En 2010, les jumeaux ont 20 ans. Slim a son CAP boucherie en poche, Karim a abandonné son BTS de commerce. Qu'importe, ils partagent l'envie d'entrer dans le vif du sujet. Les deux cassent leur tirelire pour reprendre une petite boucherie halal des Lilas. Au départ, «on a fait du bas de gamme», se souviennent-ils. «On voulait aller vers le qualitatif, mais on galérait.» La condition de vie des animaux, les moyens d'abattage, la qualité de la viande, s'ils préoccupent les consommateurs de halal, ne sont alors pas du tout mis en avant dans la filière. Pour les frangins, c'est pourtant essentiel. Ils sont des gastronomes passionnés par la bonne bidoche, mais aussi des croyants. «Pour moi, le vrai halal, c'est quand la viande est saine, bonne pour la santé, pose Karim. Rien à voir avec les poulets industriels !»

Peu à peu, les bouchers tentent de monter en gamme. D'abord, en faisant l'essai de vendre du bœuf bio proposé par un de leurs fournisseurs puis, au vu du succès, en créant carrément le marché. «Rien n'existait. Alors j'ai commencé à démarcher moi-même les abattoirs, raconte Karim. D'un côté, ils faisaient du halal, de l'autre ils faisaient du bio, je leur ai demandé de réunir les deux ! J'ai eu beaucoup de refus, mais j'ai insisté.» L'homme a bien conscience qu'il plaide pour une niche, mais «les musulmans ont le droit de manger sain, non ?» Ils finissent par convaincre les professionnels, et leur étal bio comporte à partir de 2013 régulièrement de la viande bovine. Mais cela ne suffit pas aux frères Loumi. Alors que la boucherie «Les jumeaux» commence à réunir des clients de plus en plus nombreux, venus de plus en plus loin pour dénicher cette rareté qu'est un steak bio et halal, Karim rêve de traiter directement avec les éleveurs.

Le bio, «c'est pas de la mauvaise viande», tranchent les jeunes bouchers. «Mais ce n'est pas non plus à chaque fois la meilleure.» Pour la dénicher, les deux font le tour de France des agriculteurs. Ils leur proposent un cahier des charges qui garantit la bonne vie des animaux et la qualité de la viande, en échange de quoi ils s'engagent à acheter tout le cheptel. Puis ils choisissent les sacrificateurs halal à qui ils confient leur viande. Les jumeaux exigent que leurs bêtes ne soient pas tuées à la chaîne avec les autres, et donc sacrifiées le plus rapidement possible pour leur éviter stress et souffrance. Ils vont même jusqu'à venir visiter les abattoirs pour s'en assurer. Bref, du pré à leur étal des Lilas, les jeunes hommes créent leur propre filière ex nihilo.
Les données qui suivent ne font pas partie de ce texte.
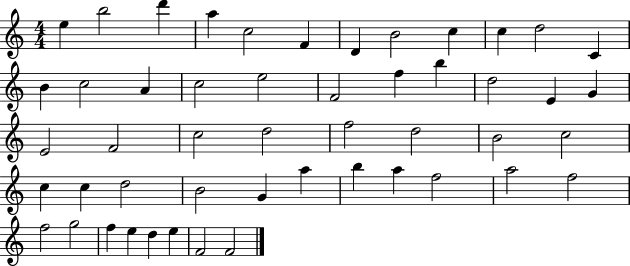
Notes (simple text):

E5/q B5/h D6/q A5/q C5/h F4/q D4/q B4/h C5/q C5/q D5/h C4/q B4/q C5/h A4/q C5/h E5/h F4/h F5/q B5/q D5/h E4/q G4/q E4/h F4/h C5/h D5/h F5/h D5/h B4/h C5/h C5/q C5/q D5/h B4/h G4/q A5/q B5/q A5/q F5/h A5/h F5/h F5/h G5/h F5/q E5/q D5/q E5/q F4/h F4/h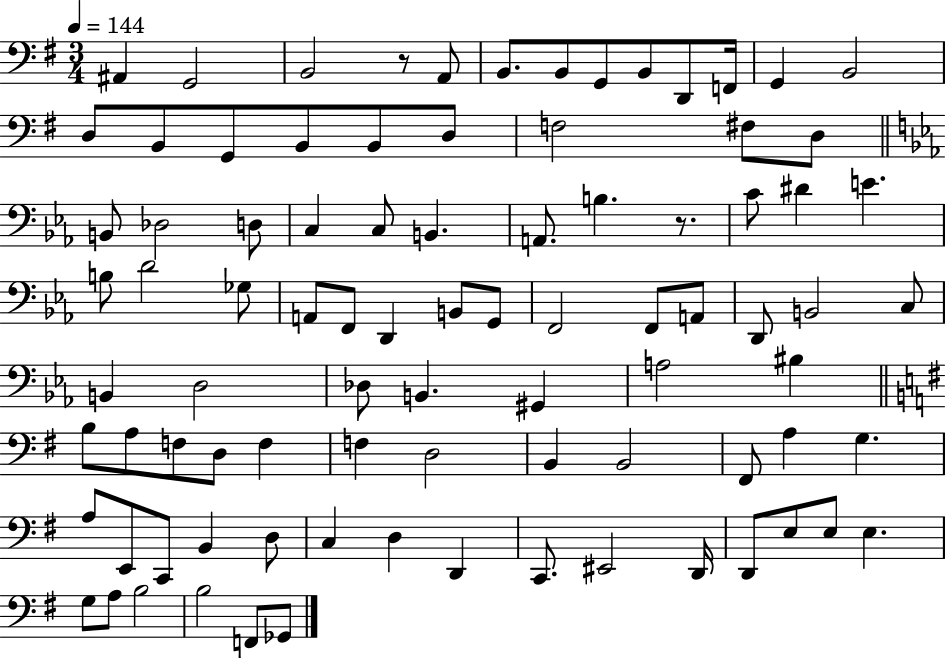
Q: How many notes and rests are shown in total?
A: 88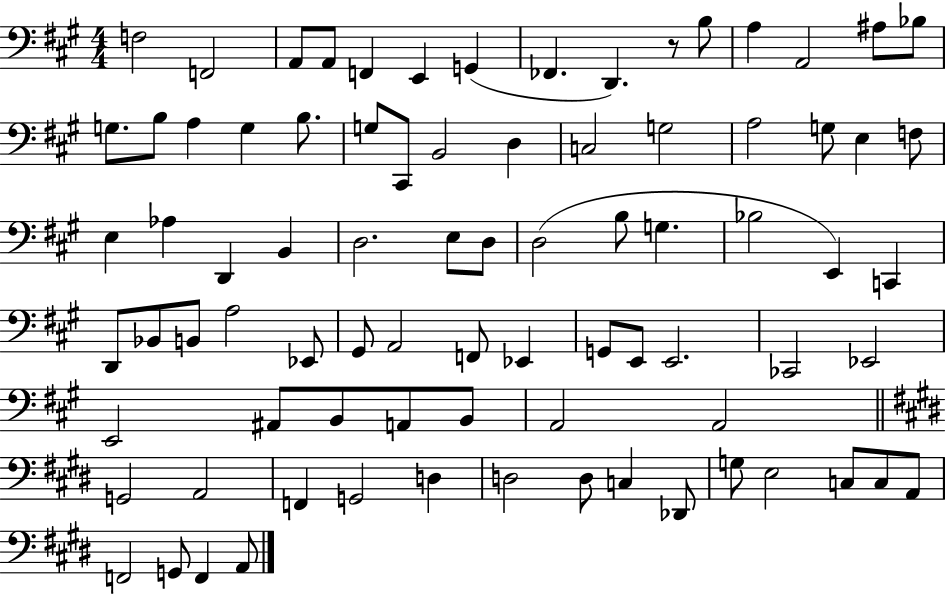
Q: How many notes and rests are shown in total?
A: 82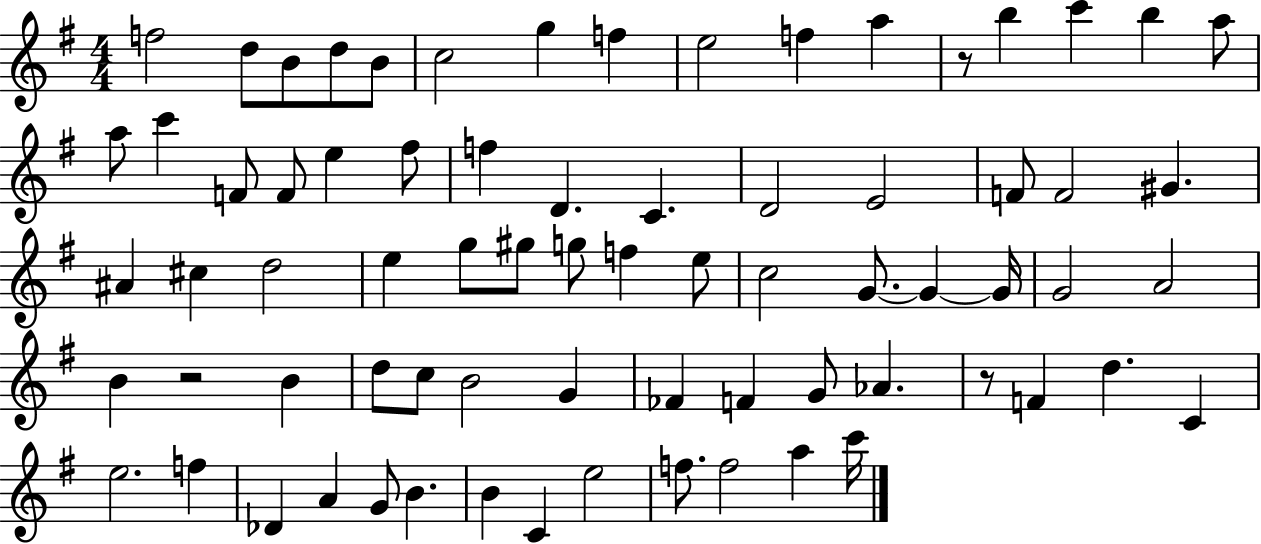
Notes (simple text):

F5/h D5/e B4/e D5/e B4/e C5/h G5/q F5/q E5/h F5/q A5/q R/e B5/q C6/q B5/q A5/e A5/e C6/q F4/e F4/e E5/q F#5/e F5/q D4/q. C4/q. D4/h E4/h F4/e F4/h G#4/q. A#4/q C#5/q D5/h E5/q G5/e G#5/e G5/e F5/q E5/e C5/h G4/e. G4/q G4/s G4/h A4/h B4/q R/h B4/q D5/e C5/e B4/h G4/q FES4/q F4/q G4/e Ab4/q. R/e F4/q D5/q. C4/q E5/h. F5/q Db4/q A4/q G4/e B4/q. B4/q C4/q E5/h F5/e. F5/h A5/q C6/s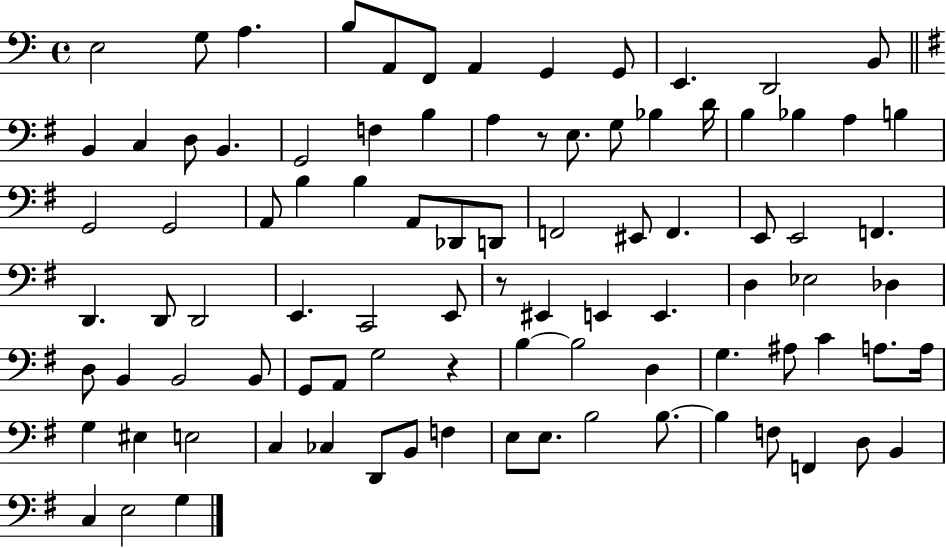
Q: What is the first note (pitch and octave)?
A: E3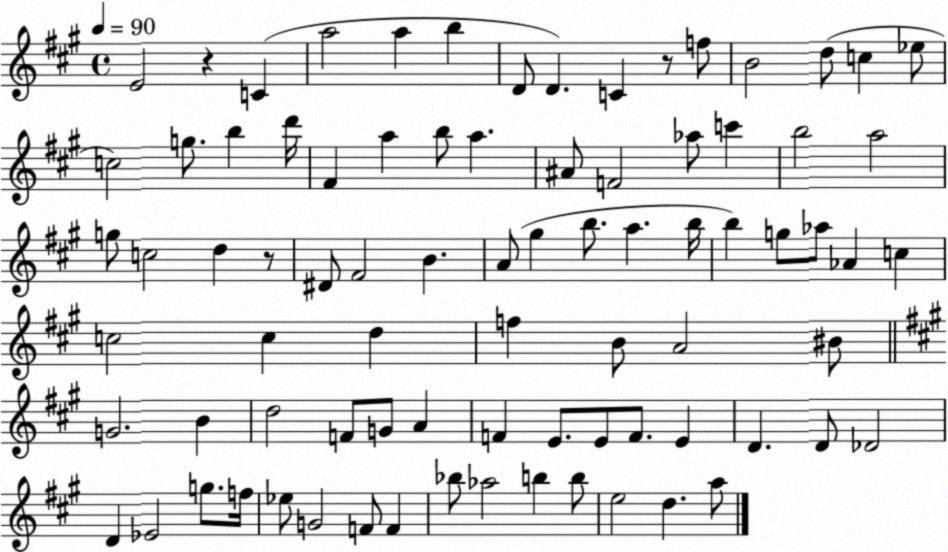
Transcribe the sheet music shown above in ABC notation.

X:1
T:Untitled
M:4/4
L:1/4
K:A
E2 z C a2 a b D/2 D C z/2 f/2 B2 d/2 c _e/2 c2 g/2 b d'/4 ^F a b/2 a ^A/2 F2 _a/2 c' b2 a2 g/2 c2 d z/2 ^D/2 ^F2 B A/2 ^g b/2 a b/4 b g/2 _a/2 _A c c2 c d f B/2 A2 ^B/2 G2 B d2 F/2 G/2 A F E/2 E/2 F/2 E D D/2 _D2 D _E2 g/2 f/4 _e/2 G2 F/2 F _b/2 _a2 b b/2 e2 d a/2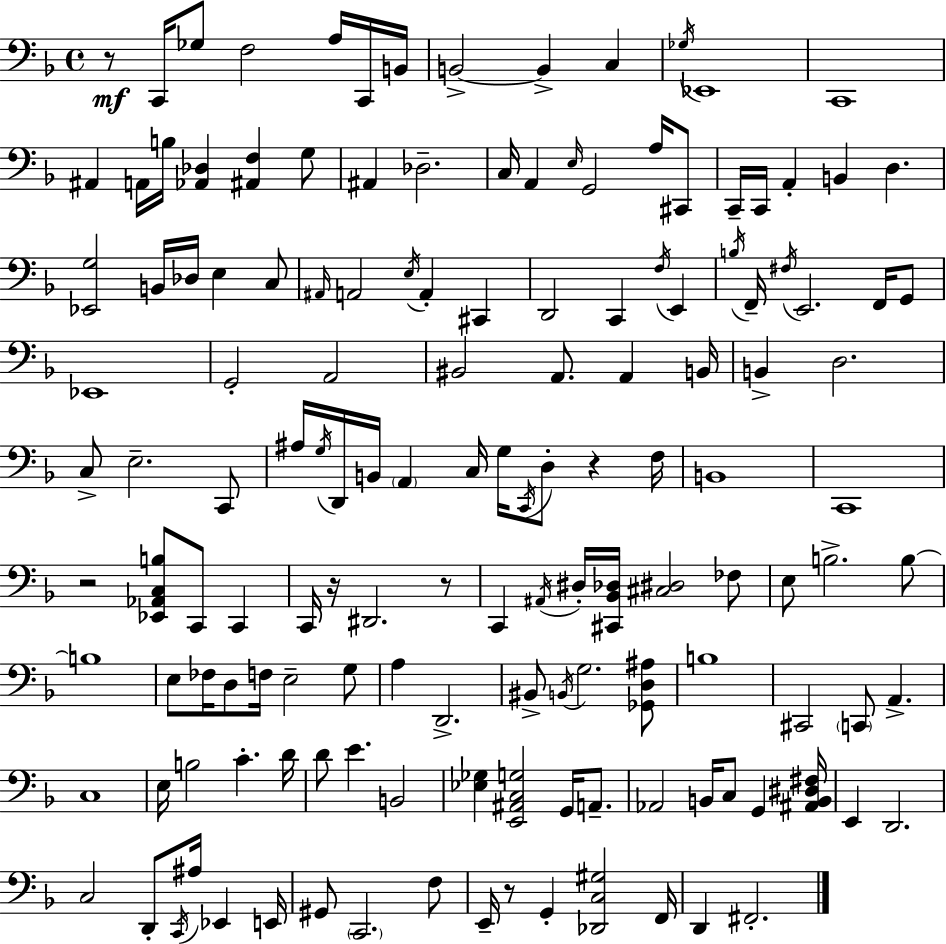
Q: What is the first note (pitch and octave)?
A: C2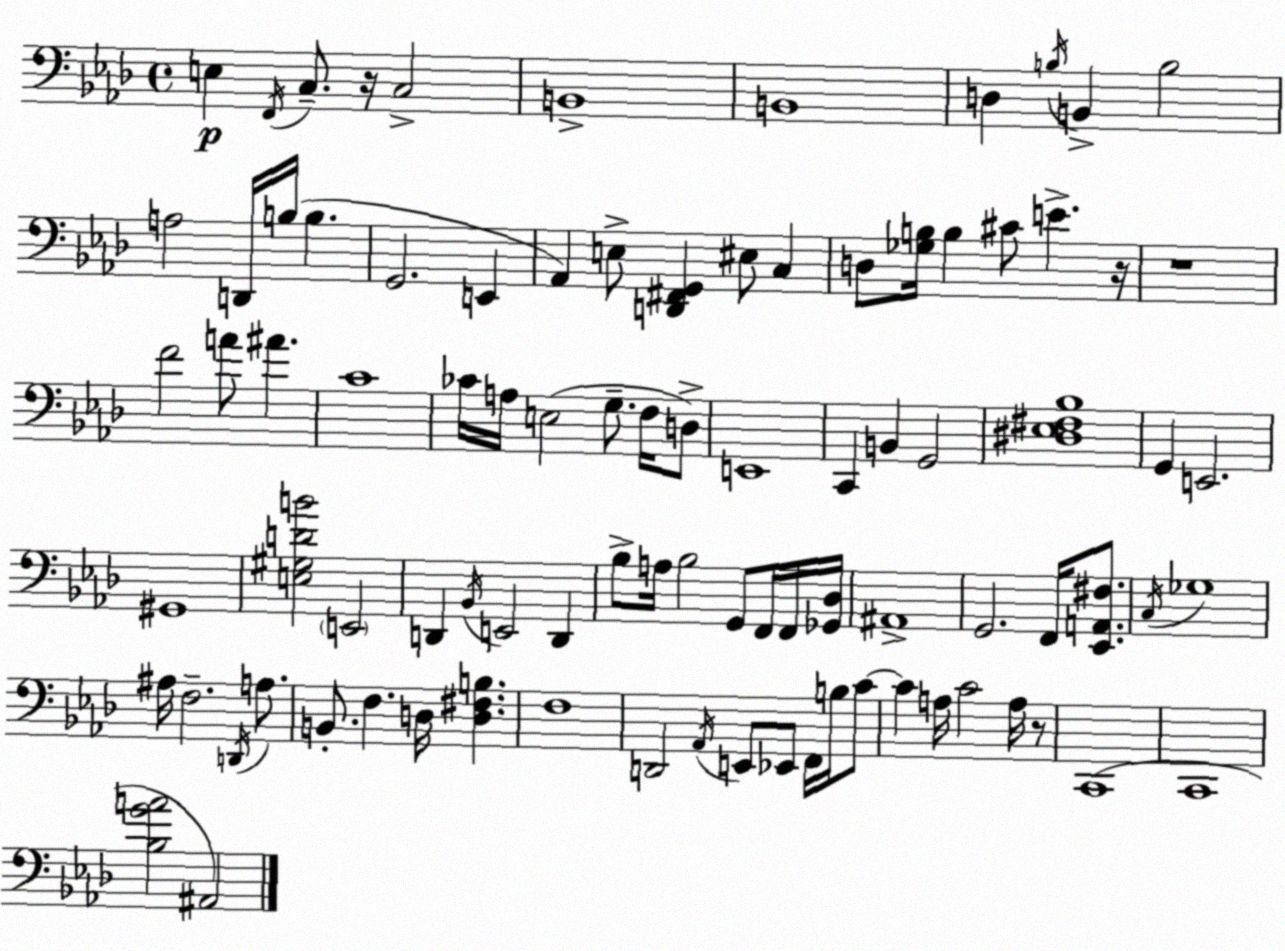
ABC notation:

X:1
T:Untitled
M:4/4
L:1/4
K:Fm
E, F,,/4 C,/2 z/4 C,2 B,,4 B,,4 D, B,/4 B,, B,2 A,2 D,,/4 B,/4 B, G,,2 E,, _A,, E,/2 [D,,^F,,G,,] ^E,/2 C, D,/2 [_G,B,]/4 B, ^C/2 E z/4 z4 F2 A/2 ^A C4 _C/4 A,/4 E,2 G,/2 F,/4 D,/2 E,,4 C,, B,, G,,2 [^D,_E,^F,_B,]4 G,, E,,2 ^G,,4 [E,^G,DB]2 E,,2 D,, _B,,/4 E,,2 D,, _B,/2 A,/4 _B,2 G,,/2 F,,/4 F,,/4 [_G,,_D,]/4 ^A,,4 G,,2 F,,/4 [_E,,A,,^F,]/2 C,/4 _G,4 ^A,/4 F,2 D,,/4 A,/2 B,,/2 F, D,/4 [D,^F,B,] F,4 D,,2 _A,,/4 E,,/2 _E,,/2 F,,/4 B,/4 C/2 C A,/4 C2 A,/4 z/2 C,,4 C,,4 [_B,GA]2 ^A,,2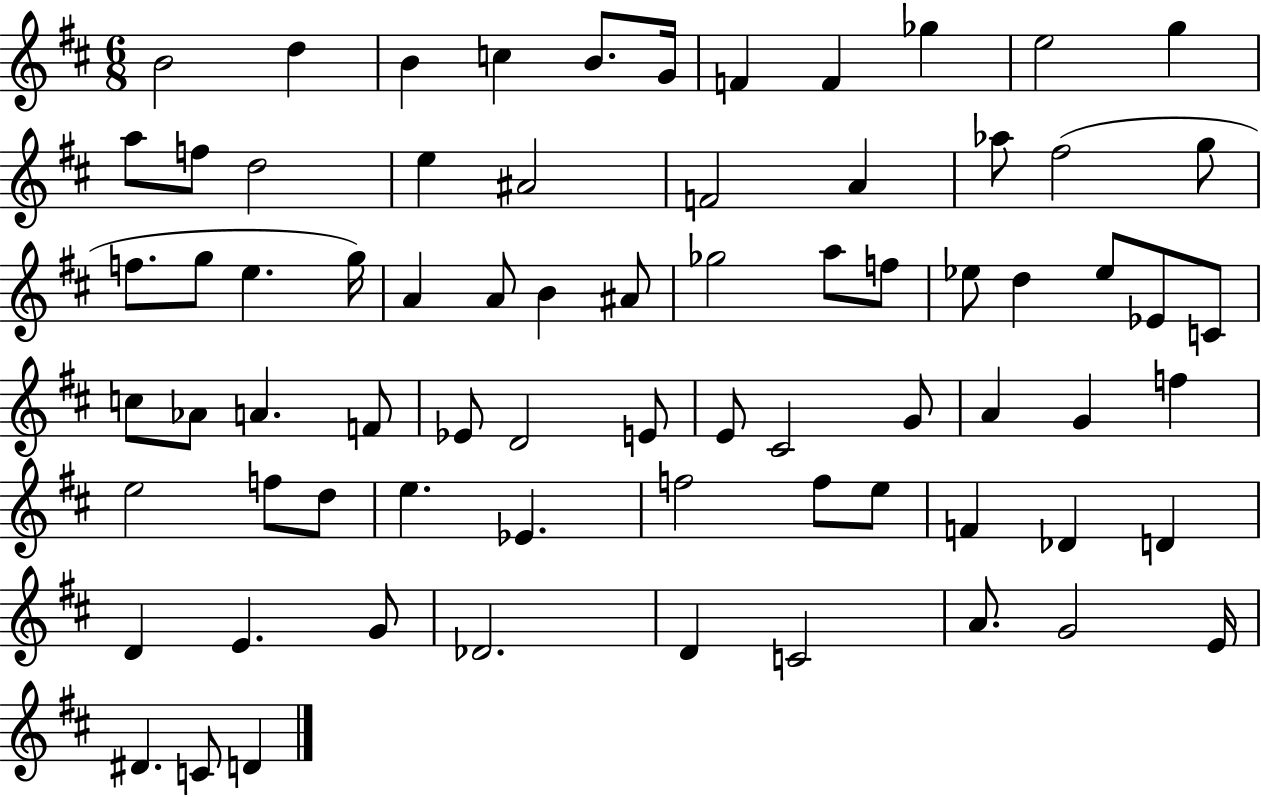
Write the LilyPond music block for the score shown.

{
  \clef treble
  \numericTimeSignature
  \time 6/8
  \key d \major
  \repeat volta 2 { b'2 d''4 | b'4 c''4 b'8. g'16 | f'4 f'4 ges''4 | e''2 g''4 | \break a''8 f''8 d''2 | e''4 ais'2 | f'2 a'4 | aes''8 fis''2( g''8 | \break f''8. g''8 e''4. g''16) | a'4 a'8 b'4 ais'8 | ges''2 a''8 f''8 | ees''8 d''4 ees''8 ees'8 c'8 | \break c''8 aes'8 a'4. f'8 | ees'8 d'2 e'8 | e'8 cis'2 g'8 | a'4 g'4 f''4 | \break e''2 f''8 d''8 | e''4. ees'4. | f''2 f''8 e''8 | f'4 des'4 d'4 | \break d'4 e'4. g'8 | des'2. | d'4 c'2 | a'8. g'2 e'16 | \break dis'4. c'8 d'4 | } \bar "|."
}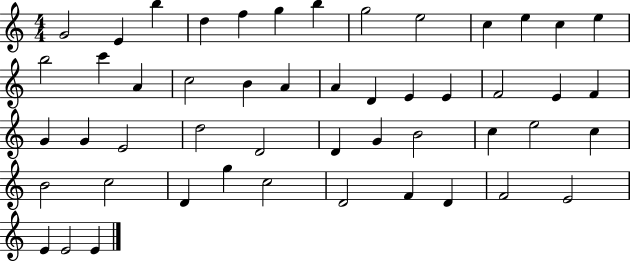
G4/h E4/q B5/q D5/q F5/q G5/q B5/q G5/h E5/h C5/q E5/q C5/q E5/q B5/h C6/q A4/q C5/h B4/q A4/q A4/q D4/q E4/q E4/q F4/h E4/q F4/q G4/q G4/q E4/h D5/h D4/h D4/q G4/q B4/h C5/q E5/h C5/q B4/h C5/h D4/q G5/q C5/h D4/h F4/q D4/q F4/h E4/h E4/q E4/h E4/q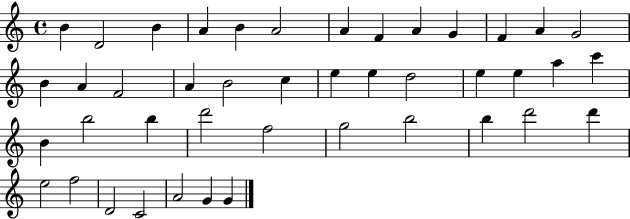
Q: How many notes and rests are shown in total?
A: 43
Mais du halal bio, est-ce réellement possible ? Pour qu'une viande soit labellisée par les organismes de certification, la règle stipule que «toute souffrance, y compris la mutilation, est réduite au minimum pendant toute la durée de vie de l'animal, y compris lors de l'abattage». Une définition suffisamment floue pour que les animaux abattus sans étourdissement, comme pratiqué habituellement dans la filière halal, puissent être bio. Ecocert précise ainsi : «Il convient de se reporter à la réglementation générale sur ce sujet, laquelle indique que "toutes les précautions doivent être prises en vue d'épargner aux animaux toutes excitation, douleur ou souffrance évitables pendant les opérations (...) d'abattage ou de mise à mort", et autorise l'abattage sans étourdissement dans le cadre de l'abattage rituel».

Bêtes de concours

Après le bœuf, les frères Loumi se mettent rapidement au veau, aux volailles, à l'agneau de pré-salé, au poulet de Bresse… A chaque fois, ils visent le haut du panier, les bêtes de concours. Forcément, leur viande est plus onéreuse qu'ailleurs. «J'assume. Je suis cher, annonce Karim. Mais quand vous allez chez Ferrari, vous n'êtes pas choqué des prix. Vous savez que vous visez le haut de gamme.»

De leurs allers-retours dans les pâturages de la France profonde, les deux frères ont fait un outil de communication. Ils prennent des dizaines de photos des vaches, discutent avec les éleveurs en vidéo sans feindre leur réelle passion des bons produits, en Jean-Pierre Coffe du halal. Puis ils postent le tout sur leur page Facebook pour donner l'eau à la bouche à leurs clients.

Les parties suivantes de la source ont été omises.